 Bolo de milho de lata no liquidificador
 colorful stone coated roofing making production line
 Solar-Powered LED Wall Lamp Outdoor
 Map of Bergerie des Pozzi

======

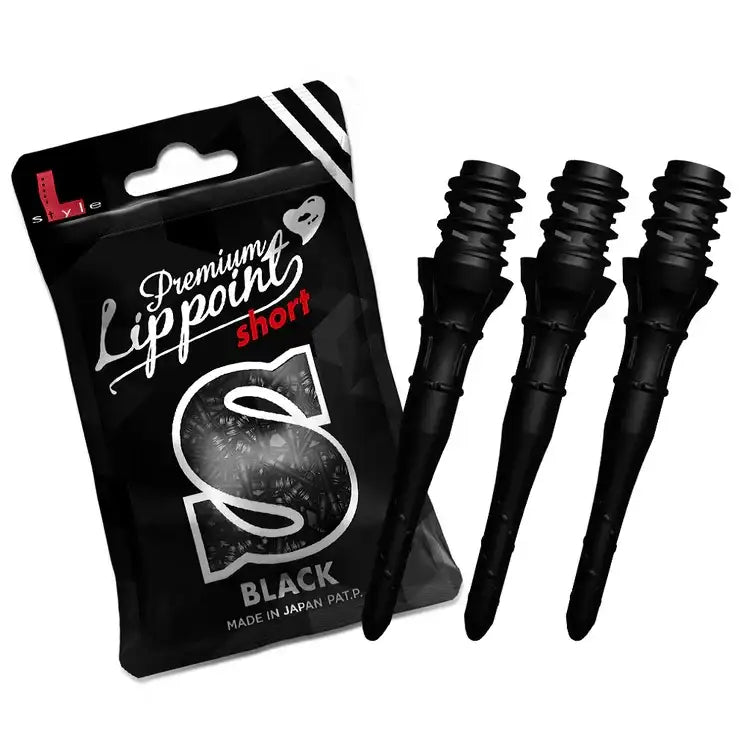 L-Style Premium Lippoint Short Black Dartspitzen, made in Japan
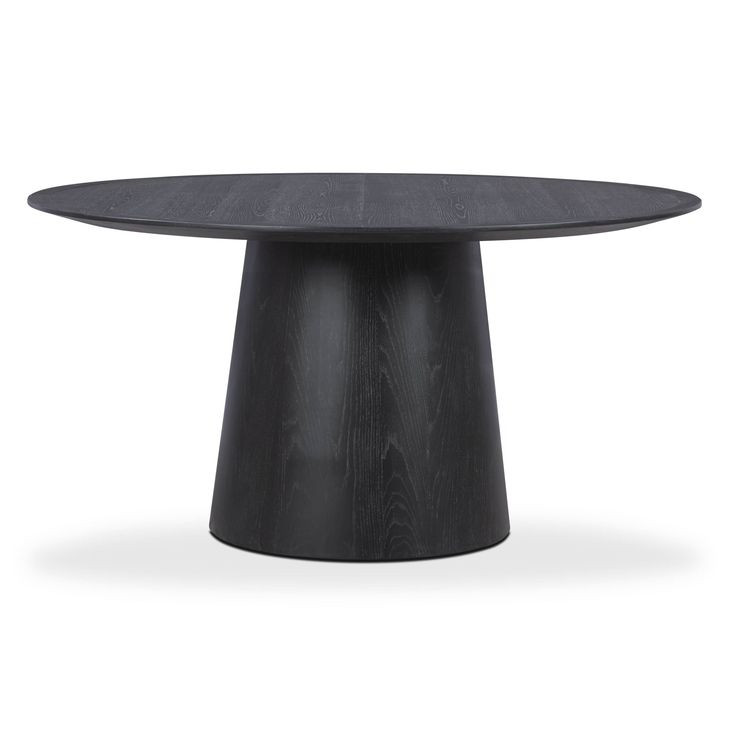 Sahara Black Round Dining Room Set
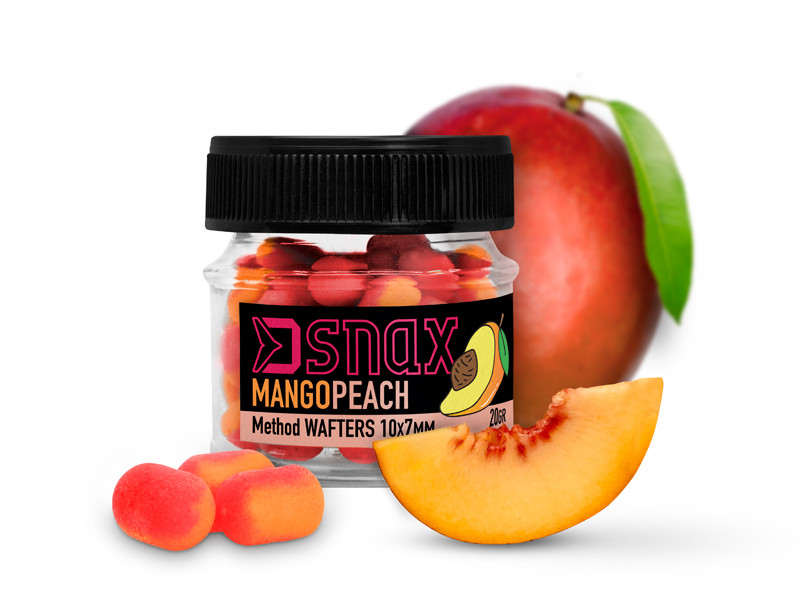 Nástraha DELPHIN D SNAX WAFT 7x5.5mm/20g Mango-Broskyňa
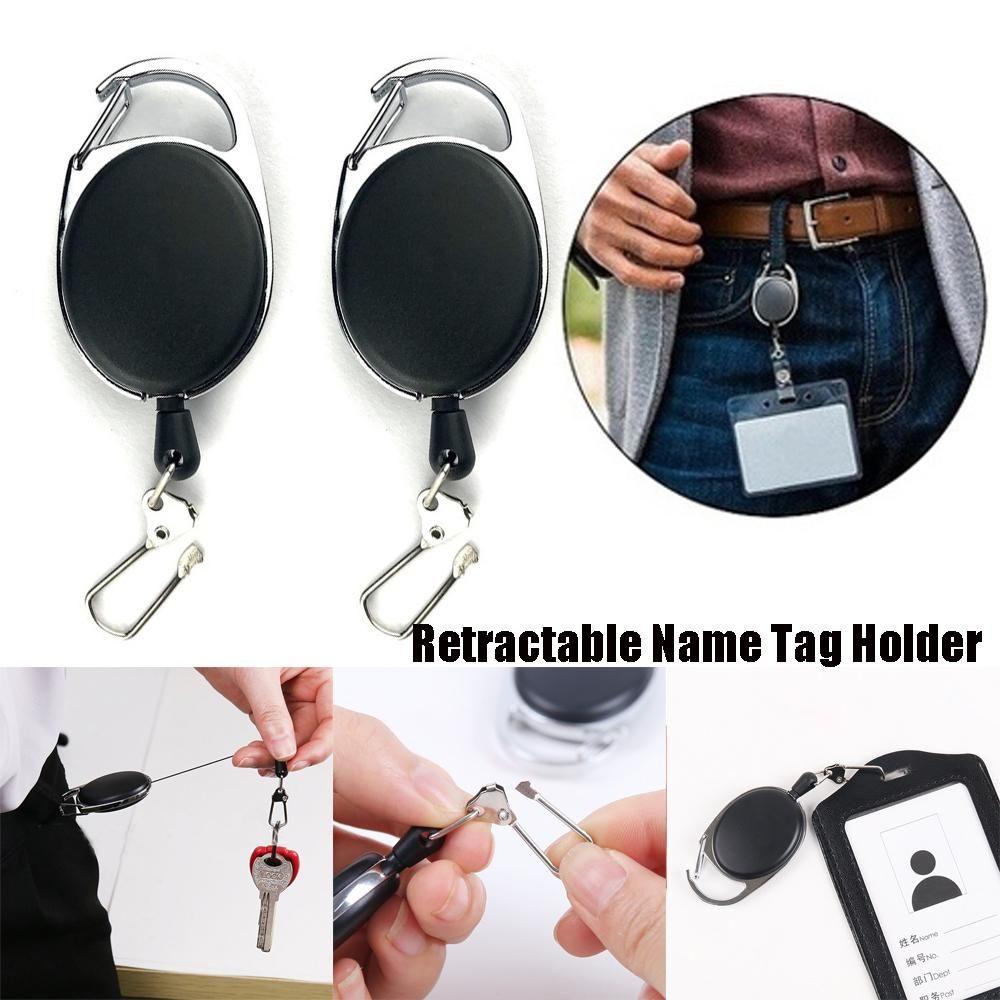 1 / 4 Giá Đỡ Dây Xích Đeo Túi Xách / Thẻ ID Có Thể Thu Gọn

======

Your answer should be the lines above, word for word, from the line with "Sahara Black Round Dining Room Set" through the line with "1 / 4 Giá Đỡ", minus the pictures.

 Sahara Black Round Dining Room Set
 Nástraha DELPHIN D SNAX WAFT 7x5.5mm/20g Mango-Broskyňa
 1 / 4 Giá Đỡ Dây Xích Đeo Túi Xách / Thẻ ID Có Thể Thu Gọn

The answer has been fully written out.